Exercise details:
The listing below holds pictures; exclude them. Return exactly the lines from the one with "VIBRADOR HEATING RABBIT OPULENT NEGRO" through the one with "Griechische und römische".

The data:
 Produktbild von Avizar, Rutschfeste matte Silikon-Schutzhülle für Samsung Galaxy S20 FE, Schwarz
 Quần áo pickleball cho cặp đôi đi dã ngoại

==

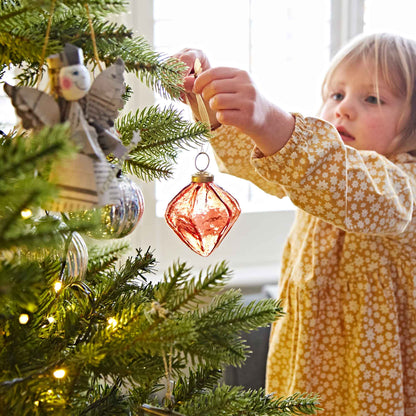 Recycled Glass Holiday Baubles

...

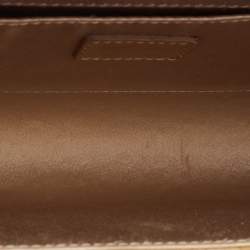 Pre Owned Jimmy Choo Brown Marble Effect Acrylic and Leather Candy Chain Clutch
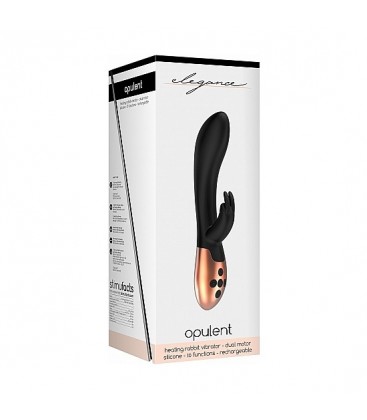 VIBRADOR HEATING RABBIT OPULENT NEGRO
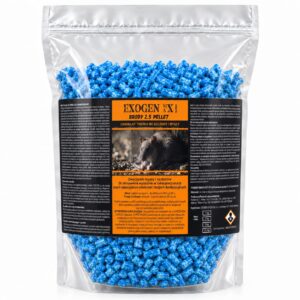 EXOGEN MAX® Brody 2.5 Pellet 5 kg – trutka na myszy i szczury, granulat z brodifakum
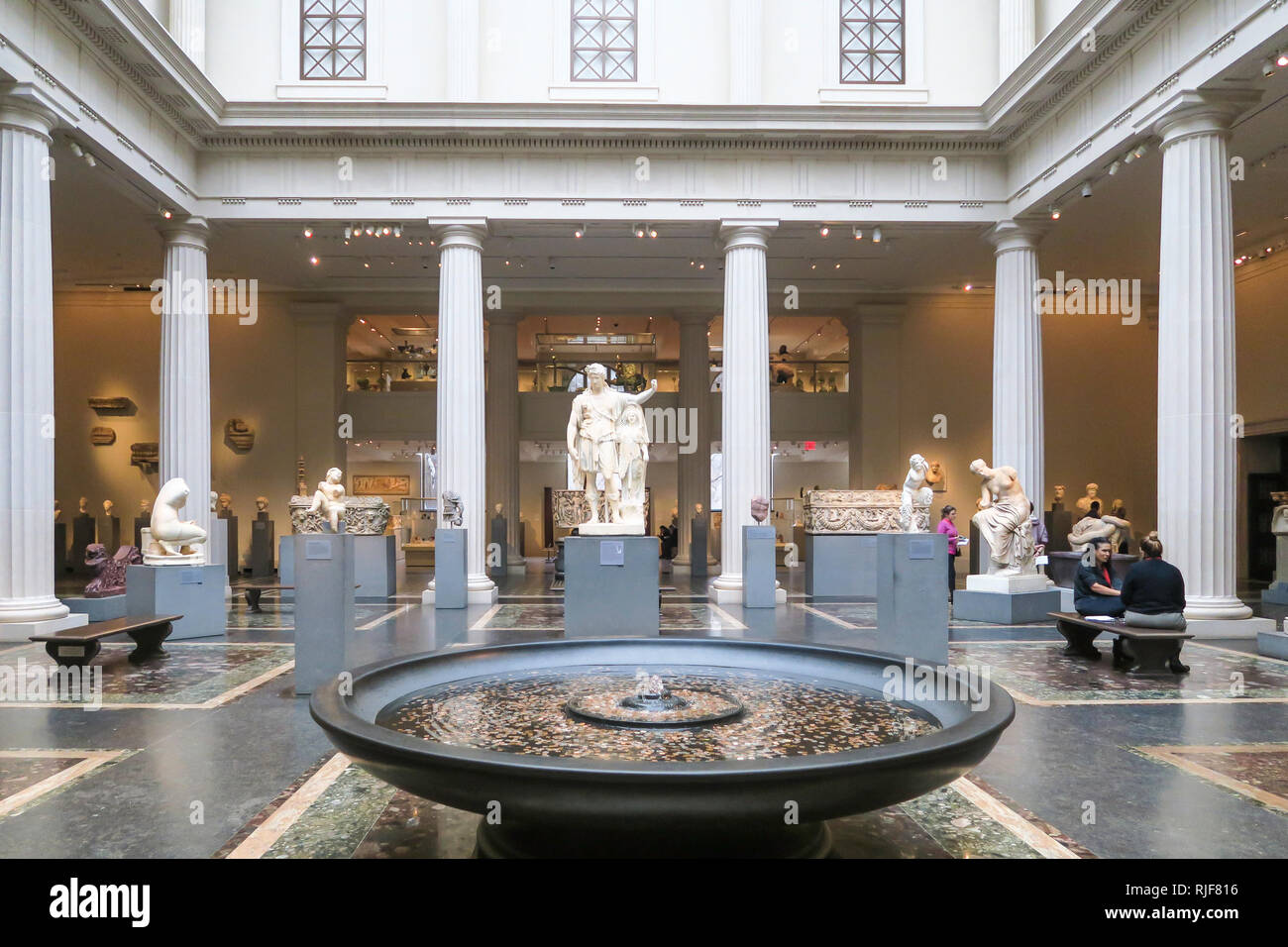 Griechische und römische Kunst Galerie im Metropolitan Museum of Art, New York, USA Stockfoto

Exercise response:
 VIBRADOR HEATING RABBIT OPULENT NEGRO
 EXOGEN MAX® Brody 2.5 Pellet 5 kg – trutka na myszy i szczury, granulat z brodifakum
 Griechische und römische Kunst Galerie im Metropolitan Museum of Art, New York, USA Stockfoto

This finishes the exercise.